_WHAT NEEDS TO BE DONE_:
Output every record exactly and leave each picture out.

Scraped caption text data:
§
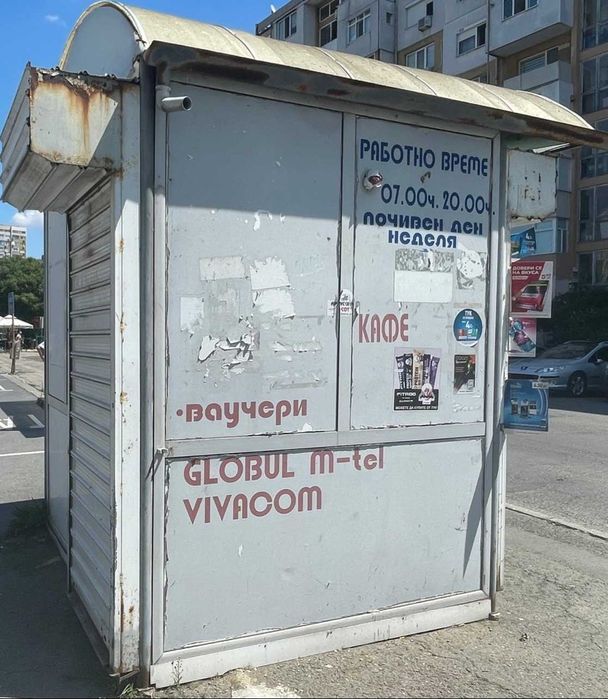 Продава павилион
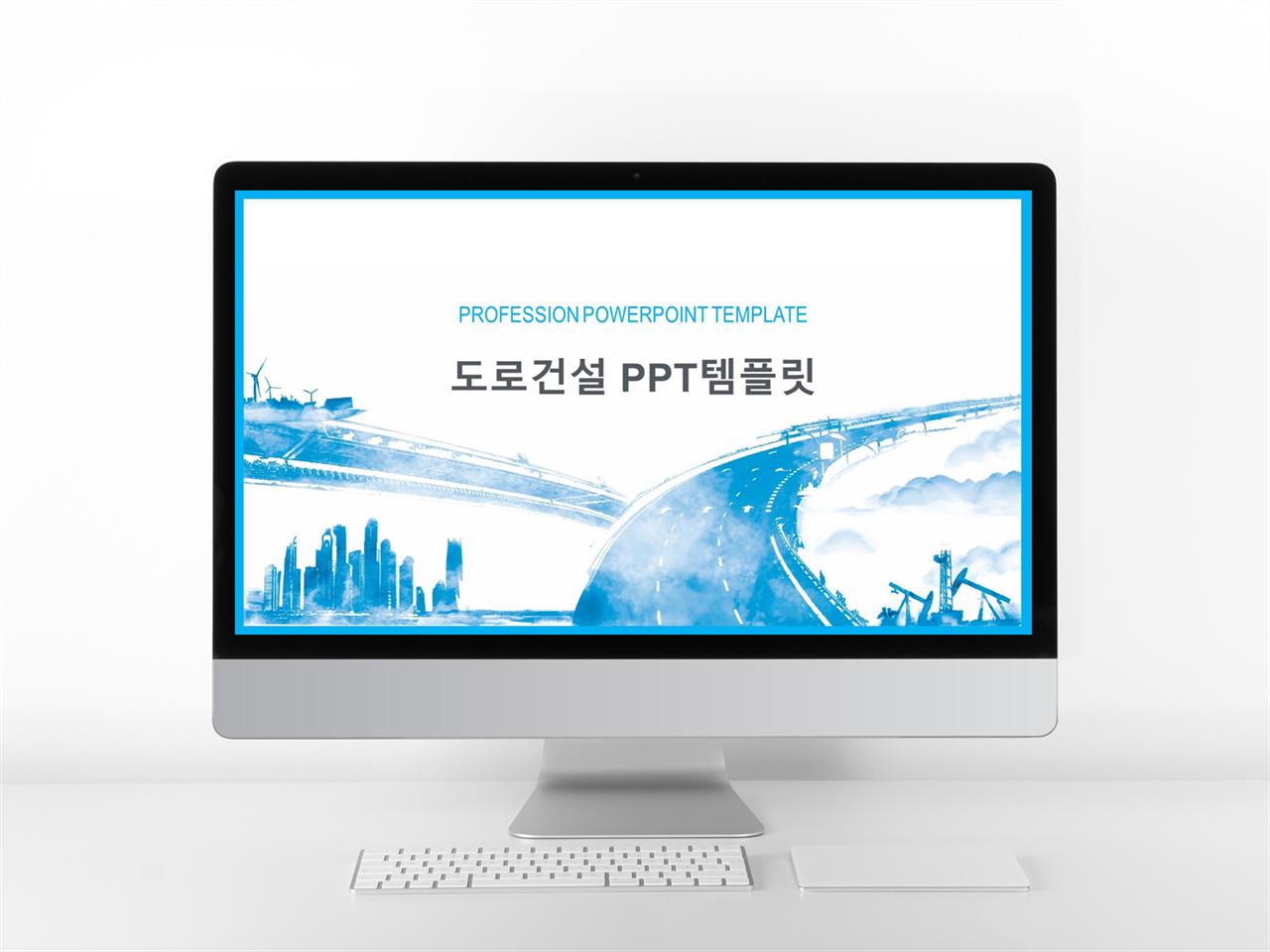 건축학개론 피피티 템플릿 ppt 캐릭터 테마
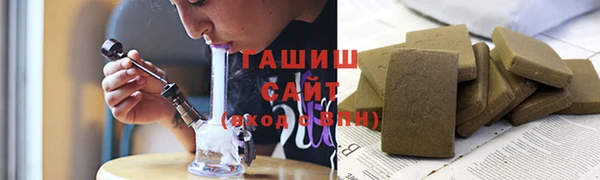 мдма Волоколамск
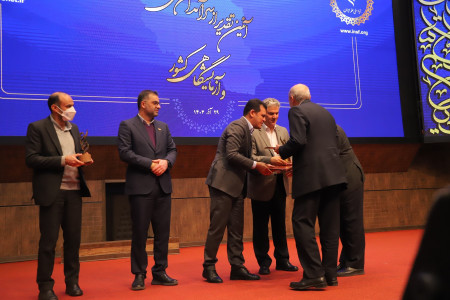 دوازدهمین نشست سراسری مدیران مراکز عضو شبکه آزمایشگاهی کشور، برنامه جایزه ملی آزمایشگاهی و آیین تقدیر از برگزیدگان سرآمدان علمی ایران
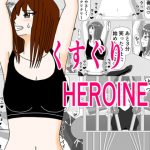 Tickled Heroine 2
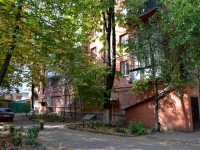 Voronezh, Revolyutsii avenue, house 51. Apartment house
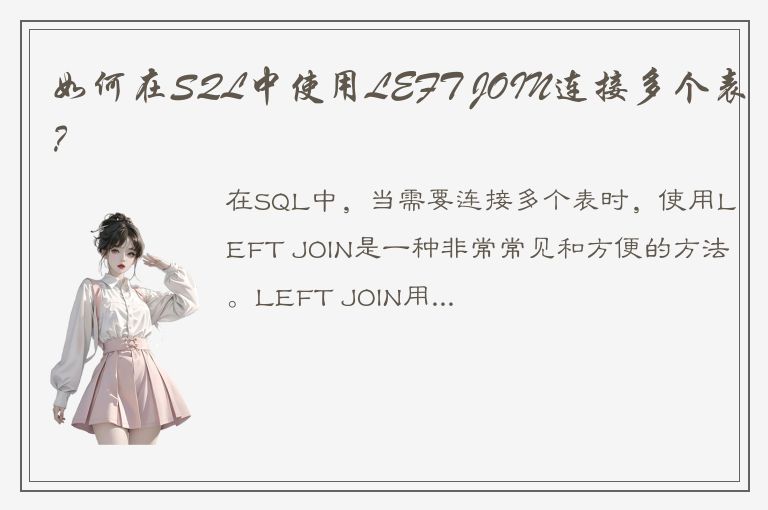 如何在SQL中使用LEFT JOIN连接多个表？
§
_RESULT FOR THIS EXERCISE_:
 Продава павилион
 건축학개론 피피티 템플릿 ppt 캐릭터 테마
 мдма Волоколамск
 دوازدهمین نشست سراسری مدیران مراکز عضو شبکه آزمایشگاهی کشور، برنامه جایزه ملی آزمایشگاهی و آیین تقدیر از برگزیدگان سرآمدان علمی ایران
 Tickled Heroine 2
 Voronezh, Revolyutsii avenue, house 51. Apartment house
 如何在SQL中使用LEFT JOIN连接多个表？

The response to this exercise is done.